The resolution calling for Congress to reconvene will surely specify that the post-election session will be limited to completing the appropriations bills as the president wants. But that's no assurance that members won't also push favorite causes, large and small. Congress might then find itself tied up considering everything from a balanced budget amendment to a measure favoring some hometown contractor. That's why the leaders resisted the lame- duck session until the president insisted on it.

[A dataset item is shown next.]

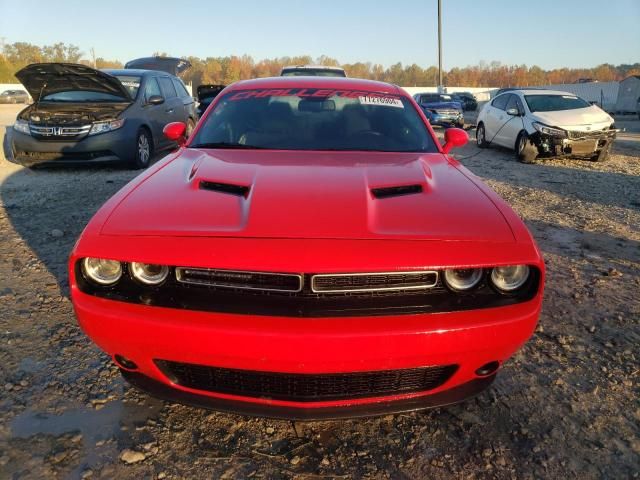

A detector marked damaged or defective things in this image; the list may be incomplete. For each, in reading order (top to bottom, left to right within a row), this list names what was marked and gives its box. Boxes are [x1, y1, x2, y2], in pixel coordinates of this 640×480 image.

white damaged car [476, 89, 616, 163]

The White House, however, sees a political advantage in going into the November elections waving the flag of fiscal prudence. In fact, that's not the issue at all. If Congress were simply to pass a continuing resolution to keep the government operating until next year, the control measures put into effect by the budget reconciliation process would be quite sufficient to make sure that the budget stayed within bounds. What the president is really worrying about is that the continuing resolution would give him less than he wants for defense.

The administration apparently hopes that in the extra time provided by the lame-duck session it can indulge in the veto politics that it used last year to bend Congress to its will before the Christmas recess. Under that scenario, the president would threaten to shut down the government -- or actually do it -- while his advisers worked a deal with Republican leaders in both Houses that would give him the spending combination he wants.

This year, however, the administration is likely to have a harder time. Sen. Mark Hatfield and Rep. Jamie Whitten, chairmen of the appropriations committees, support the idea of a lame-duck session because they are worried that the momentum of the budget process has eroded their control over the details of federal spending. A hastily prepared continuing resolution might also lack the details needed to allow federal agencies to operate smoothly.

But they and other leaders in both Houses are not of a mind to let the president's men ride roughshod over their concerns about the distribution of federal money. They know that they have adopted a responsible budget plan, and they intend to stick with it. The administration argues that their program cost estimates are wrong, but Congress' estimating record of recent years is a good deal better than the administration's.

The outcome of the lame-duck session will, no doubt, depend on the impact of the November elections on the legislators' frame of mind. Whatever happens, remember that the issue at stake is not "budget-busting" or irresponsible government. The fight is over how much money should be spent on domestic programs and how much should be spent on defense -- and that's a battle that's likely to continue to be fought when the new Congress convenes in January.